**YOUR ASSIGNMENT**.
Every record is to be duplicated exactly as it reads, without its images.

**MATERIAL FOR THE TASK**.

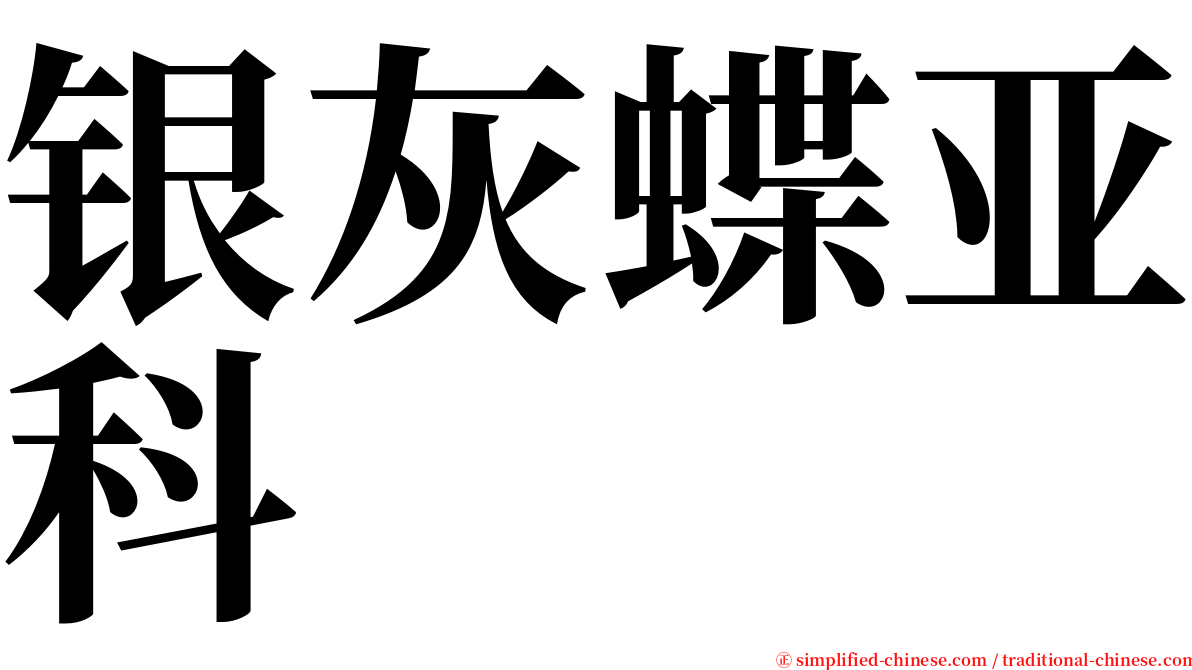 银灰蝶亚科 serif font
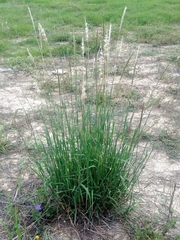 Bothriochloa longipaniculata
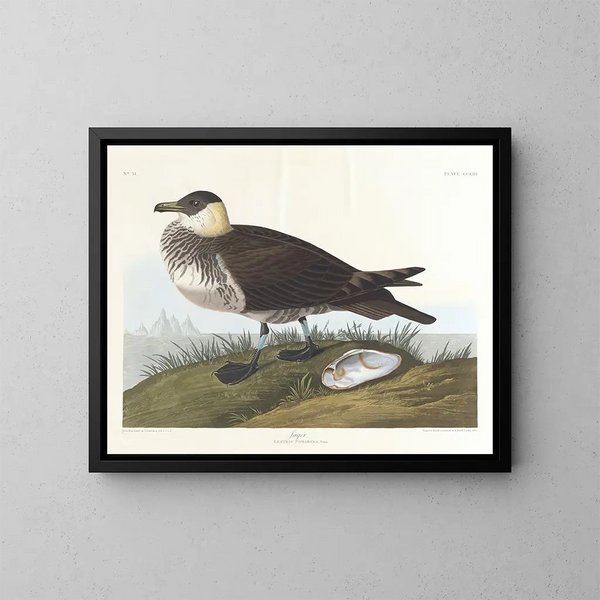 Jæger - John James Audubon — indrammet kunstværk på væggen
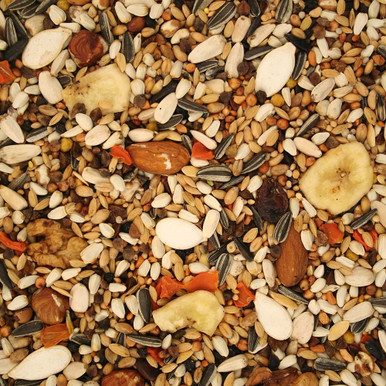 Parrot Premium Professional Parrot Food 2.5Kg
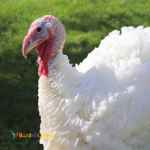 	فروش جوجه بوقلمون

**EXPECTED ANSWER**.
 银灰蝶亚科 serif font
 Bothriochloa longipaniculata
 Jæger - John James Audubon — indrammet kunstværk på væggen
 Parrot Premium Professional Parrot Food 2.5Kg
 	فروش جوجه بوقلمون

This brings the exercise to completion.